** TASK INPUT follows **
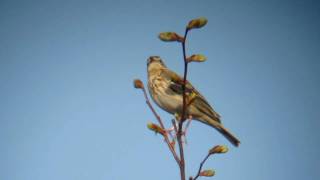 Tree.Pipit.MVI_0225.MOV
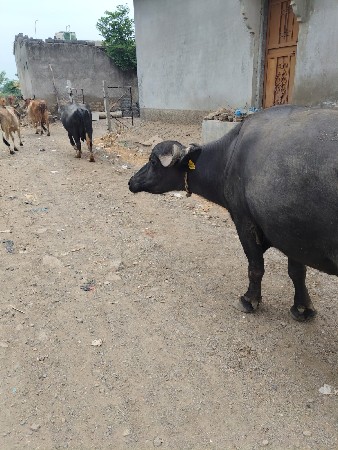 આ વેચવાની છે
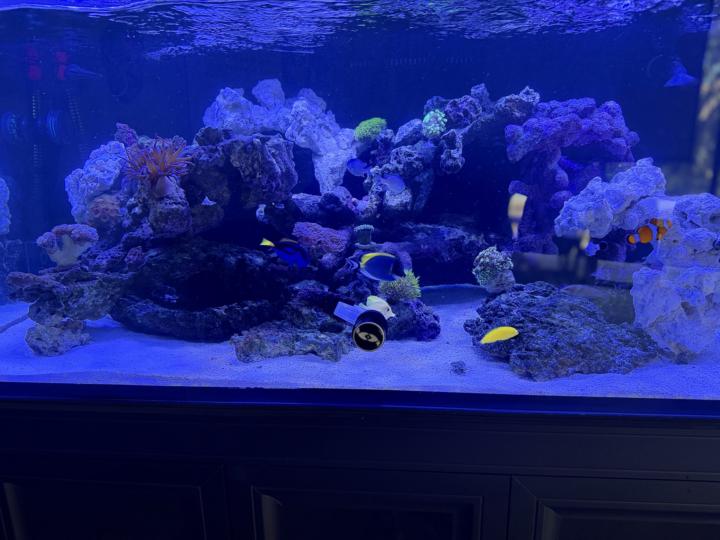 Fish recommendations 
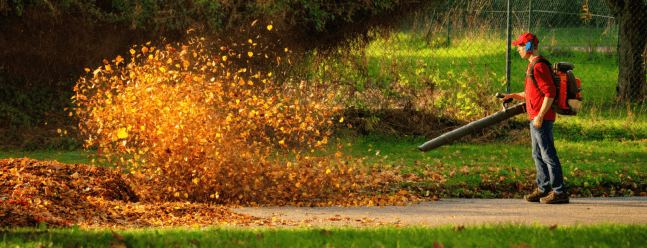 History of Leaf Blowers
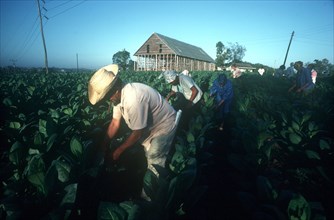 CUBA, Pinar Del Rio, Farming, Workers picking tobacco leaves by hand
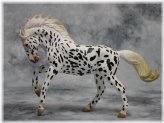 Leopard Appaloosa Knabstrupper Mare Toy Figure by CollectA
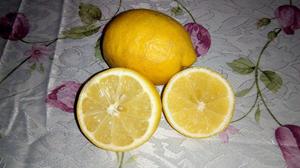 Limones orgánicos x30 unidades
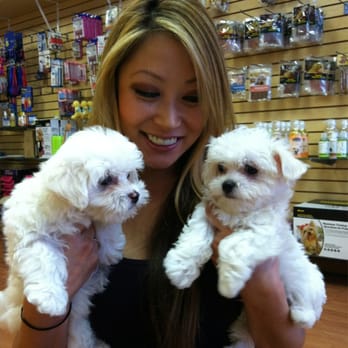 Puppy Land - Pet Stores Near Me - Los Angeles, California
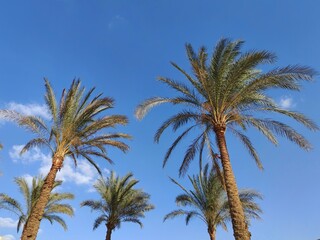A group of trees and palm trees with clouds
** End of TASK INPUT **
DIRECTIONS FOR THIS TASK
Give back the data verbatim. The pictures are not part of the copy.

RESPONSE TO THE EXERCISE
 Tree.Pipit.MVI_0225.MOV
 આ વેચવાની છે
 Fish recommendations 
 History of Leaf Blowers
 CUBA, Pinar Del Rio, Farming, Workers picking tobacco leaves by hand
 Leopard Appaloosa Knabstrupper Mare Toy Figure by CollectA
 Limones orgánicos x30 unidades
 Puppy Land - Pet Stores Near Me - Los Angeles, California
A group of trees and palm trees with clouds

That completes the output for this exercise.